WHAT THE EXERCISE ASKS:
Could you show all lines in the entries below that contain the string "Print"?

DATA EXTRACTS:
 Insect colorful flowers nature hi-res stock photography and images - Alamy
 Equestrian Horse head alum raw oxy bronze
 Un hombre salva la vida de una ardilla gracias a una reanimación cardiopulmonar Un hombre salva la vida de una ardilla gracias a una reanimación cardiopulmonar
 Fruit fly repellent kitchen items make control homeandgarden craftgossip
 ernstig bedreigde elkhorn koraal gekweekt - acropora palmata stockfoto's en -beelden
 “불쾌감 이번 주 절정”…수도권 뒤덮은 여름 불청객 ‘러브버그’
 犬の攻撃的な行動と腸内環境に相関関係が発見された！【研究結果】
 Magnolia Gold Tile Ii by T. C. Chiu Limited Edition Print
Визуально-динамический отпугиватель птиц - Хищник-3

==

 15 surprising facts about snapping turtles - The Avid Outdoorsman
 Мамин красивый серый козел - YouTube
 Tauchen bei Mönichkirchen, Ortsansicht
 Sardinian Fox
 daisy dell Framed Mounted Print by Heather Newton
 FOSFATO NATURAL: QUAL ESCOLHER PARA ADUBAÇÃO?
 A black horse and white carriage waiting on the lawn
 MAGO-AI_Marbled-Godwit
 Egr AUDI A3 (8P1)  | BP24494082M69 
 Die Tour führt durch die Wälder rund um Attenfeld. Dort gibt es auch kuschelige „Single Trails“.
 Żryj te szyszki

* * *

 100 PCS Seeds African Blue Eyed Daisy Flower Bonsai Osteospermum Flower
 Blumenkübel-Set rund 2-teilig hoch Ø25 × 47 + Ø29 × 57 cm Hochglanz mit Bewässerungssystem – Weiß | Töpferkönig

ANSWER TO THE EXERCISE:
 Magnolia Gold Tile Ii by T. C. Chiu Limited Edition Print
 daisy dell Framed Mounted Print by Heather Newton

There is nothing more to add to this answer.